**Instructions to follow**
Gather all lines in the records below that include the word "Shirt".

Records drawn from a dataset
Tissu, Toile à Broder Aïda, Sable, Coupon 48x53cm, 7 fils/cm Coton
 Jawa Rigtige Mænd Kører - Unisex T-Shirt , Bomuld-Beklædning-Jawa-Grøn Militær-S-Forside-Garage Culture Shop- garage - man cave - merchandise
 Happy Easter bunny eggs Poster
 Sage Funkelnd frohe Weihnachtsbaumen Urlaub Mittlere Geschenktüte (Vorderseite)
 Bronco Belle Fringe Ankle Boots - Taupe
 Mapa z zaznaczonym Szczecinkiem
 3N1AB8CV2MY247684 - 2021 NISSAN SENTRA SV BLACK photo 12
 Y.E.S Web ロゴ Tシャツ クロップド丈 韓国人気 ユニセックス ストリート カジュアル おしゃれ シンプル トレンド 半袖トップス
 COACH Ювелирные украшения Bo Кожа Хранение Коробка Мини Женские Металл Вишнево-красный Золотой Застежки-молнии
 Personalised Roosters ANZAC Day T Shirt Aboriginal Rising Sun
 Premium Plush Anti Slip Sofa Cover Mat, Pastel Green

**Task response**
 Jawa Rigtige Mænd Kører - Unisex T-Shirt , Bomuld-Beklædning-Jawa-Grøn Militær-S-Forside-Garage Culture Shop- garage - man cave - merchandise
 Personalised Roosters ANZAC Day T Shirt Aboriginal Rising Sun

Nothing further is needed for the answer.